→ EXERCISE PROMPT:
When you reach the line containing "Брюки Wide limited inky" in the entries below, begin reproducing lines exactly, and stop once the line containing "Jamestown Fire Department Memorial Museum" is done.

→ MATERIAL PROVIDED:
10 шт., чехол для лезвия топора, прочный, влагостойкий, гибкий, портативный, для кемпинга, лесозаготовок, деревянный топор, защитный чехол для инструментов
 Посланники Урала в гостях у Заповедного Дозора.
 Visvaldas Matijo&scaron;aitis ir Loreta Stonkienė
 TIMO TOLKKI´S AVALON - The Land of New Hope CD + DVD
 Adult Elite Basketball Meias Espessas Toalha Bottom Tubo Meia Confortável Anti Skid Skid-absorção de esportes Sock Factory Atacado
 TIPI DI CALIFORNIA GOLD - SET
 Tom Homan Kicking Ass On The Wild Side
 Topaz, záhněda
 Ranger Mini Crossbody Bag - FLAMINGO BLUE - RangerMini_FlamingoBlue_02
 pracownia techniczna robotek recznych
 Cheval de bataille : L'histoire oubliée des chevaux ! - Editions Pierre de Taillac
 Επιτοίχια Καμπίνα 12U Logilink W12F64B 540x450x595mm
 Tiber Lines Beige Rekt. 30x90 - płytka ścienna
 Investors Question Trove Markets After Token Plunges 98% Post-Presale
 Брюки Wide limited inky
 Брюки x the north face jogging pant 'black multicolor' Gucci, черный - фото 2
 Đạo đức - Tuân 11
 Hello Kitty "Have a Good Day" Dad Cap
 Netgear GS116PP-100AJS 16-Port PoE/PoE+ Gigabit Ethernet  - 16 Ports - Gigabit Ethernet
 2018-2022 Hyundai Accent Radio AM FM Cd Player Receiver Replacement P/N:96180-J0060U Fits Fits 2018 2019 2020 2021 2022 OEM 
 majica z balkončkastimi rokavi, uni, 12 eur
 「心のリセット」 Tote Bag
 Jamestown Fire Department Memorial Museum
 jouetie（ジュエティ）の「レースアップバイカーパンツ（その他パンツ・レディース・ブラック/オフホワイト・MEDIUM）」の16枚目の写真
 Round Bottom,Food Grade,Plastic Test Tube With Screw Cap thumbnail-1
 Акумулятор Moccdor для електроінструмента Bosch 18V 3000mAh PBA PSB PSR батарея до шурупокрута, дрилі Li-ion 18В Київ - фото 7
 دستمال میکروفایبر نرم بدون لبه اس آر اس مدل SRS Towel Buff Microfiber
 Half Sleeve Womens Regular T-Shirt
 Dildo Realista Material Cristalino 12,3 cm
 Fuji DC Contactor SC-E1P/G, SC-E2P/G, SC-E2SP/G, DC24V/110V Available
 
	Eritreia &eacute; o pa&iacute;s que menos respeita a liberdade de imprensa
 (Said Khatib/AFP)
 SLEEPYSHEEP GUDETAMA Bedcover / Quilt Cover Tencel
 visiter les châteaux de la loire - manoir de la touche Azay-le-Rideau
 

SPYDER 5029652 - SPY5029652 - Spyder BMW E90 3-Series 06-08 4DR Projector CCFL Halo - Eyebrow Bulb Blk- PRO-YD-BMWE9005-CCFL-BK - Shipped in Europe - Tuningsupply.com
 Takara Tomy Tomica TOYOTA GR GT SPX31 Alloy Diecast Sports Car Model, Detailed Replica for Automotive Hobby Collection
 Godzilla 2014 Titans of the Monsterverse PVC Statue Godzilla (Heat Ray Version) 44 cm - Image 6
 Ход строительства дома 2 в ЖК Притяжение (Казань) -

→ EXPECTED ANSWER:
 Брюки Wide limited inky
 Брюки x the north face jogging pant 'black multicolor' Gucci, черный - фото 2
 Đạo đức - Tuân 11
 Hello Kitty "Have a Good Day" Dad Cap
 Netgear GS116PP-100AJS 16-Port PoE/PoE+ Gigabit Ethernet  - 16 Ports - Gigabit Ethernet
 2018-2022 Hyundai Accent Radio AM FM Cd Player Receiver Replacement P/N:96180-J0060U Fits Fits 2018 2019 2020 2021 2022 OEM 
 majica z balkončkastimi rokavi, uni, 12 eur
 「心のリセット」 Tote Bag
 Jamestown Fire Department Memorial Museum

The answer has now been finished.